Introduction

Preterm birth brings a significant disease burden for infants and children in the world. On a yearly basis, fifteen million newborns are preterm on the globe and this is a major cause of one million deaths among those aged 0–4 years in the world1,2. The burden of preterm birth including its mortality and morbidity seems to be increasing in most countries3. Neonatal intensive care has advanced over the last few decades but extremely preterm (EP, less than 28 weeks of gestation) or extremely low birth weight (ELBW, less than 1000 g) infants have been subjected to death, neonatal complications or long-term neurodevelopmental impairment4,5,6, which presents a great challenge for the health care system as well7. Small for gestational age (SGA) is another significant contributor for the global burden of preterm birth8,9 and it is very important to identify the risk factors of these adverse birth outcomes above.
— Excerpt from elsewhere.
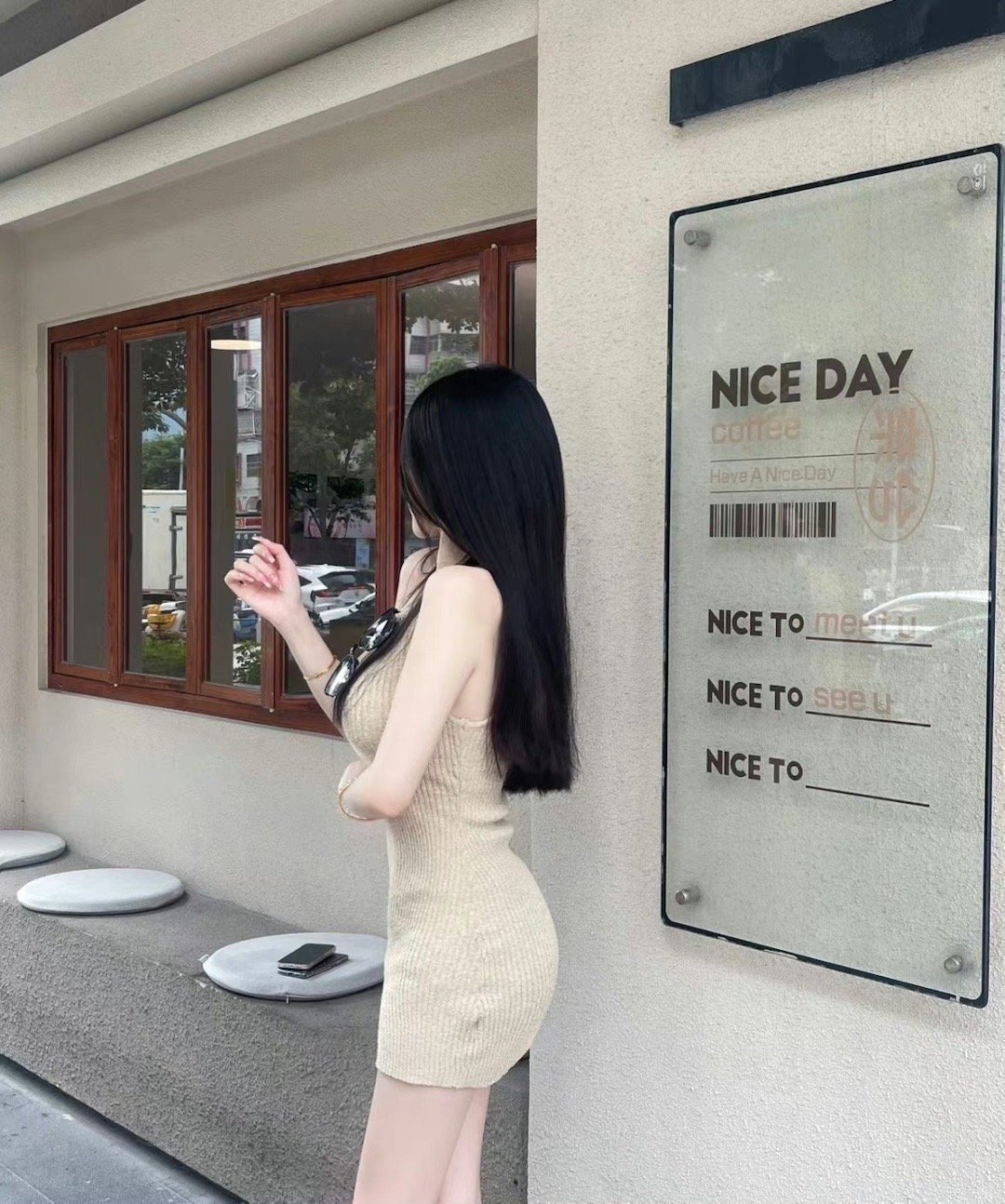 忙着走上坡路的人 是没有时间东张西望的。 ​​​ #正能量##早安##文案#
On the other hand, air pollution has become an important health issue in the world, increasing global mortality and morbidity. In 2016, ambient air pollution resulted in 4.2 million premature deaths worldwide10,11. This is particularly notable in a country such as Korea, where air pollution including particulate matter (PM) has registered rapid growth over the past few decades along with rapid industrialization and urbanization. Especially, maternal exposure to PM is reported to be a major cause of adverse health outcomes. Maternal exposure to PM2.5 (fine inhalable particles with diameters < 2.5 μm) or PM10 (inhalable particles with diameters < 10 μm) is found to have positive relationships with preterm birth12,13,14,15,16,17 and low birth weight18,19,20. However, little literature is available on associations between maternal exposure to PM and more adverse birth outcomes such as EP, ELBW or SGA. Furthermore, no endeavor has been made regarding the utilization of machine learning for the prediction of adverse birth outcomes among very low birth weight (VLBW, less than 1500 g) infants. In this context, this study employed machine learning and a national prospective cohort registry database to examine main predictors of adverse birth outcomes in VLBW infants including PM10 as a marker of air pollution.

Results

Descriptive statistics are shown for participants’ adverse birth outcomes and their predictors in Table 1. Among 10,423 participants, 3961 (38.0%), 1919 (18.4%), 3960 (38.0%), 1658 (15.9%) and 2242 (21.5%) belonged to the categories of GA < 28, GA < 26, BW < 1000, BW < 750 and SGA, respectively. Indeed, the mean and standard deviation of maternal age were 31 and 4.28, respectively. Monthly PM10 (micrograms per cube meter) were 52 (January), 49 (February), 60 (March), 57 (April), 60 (May), 43 (June), 35 (July), 34 (August), 34 (September), 38 (October), 47 (November) and 48 (December). Yearly PM10 (micrograms per cube meter), temperature average (degree Celsius), temperature min (degree Celsius) and temperature max (degree Celsius) in 2013, 2014, 2015, 2016 and 2017 were: 48, 46, 48, 48 and 47 for yearly PM10; 12.85, 14.10, 13.85, 14.80 and 14.60 for yearly temperature average; 7.35, 8.55, 8.50, 10.05 and 9.30 for yearly temperature min; and 19.05, 20.50, 20.05, 20.45 and 20.65 for yearly temperature max. The results of univariate analysis were presented in Table 2. The P values were smaller than 0.10 for the following variables: birth-month with GA < 28, GA < 26, BW < 750 and SGA; sex (male) with GA < 28, GA < 26, BW < 1000 and BW < 750 (positive relationship); number of fetuses with GA < 28, GA < 26, BW < 1000 and BW < 750 (negative relationship); maternal age with SGA (positive relationship); and PM10 month with BW < 1000 and BW < 750 (positive relationship).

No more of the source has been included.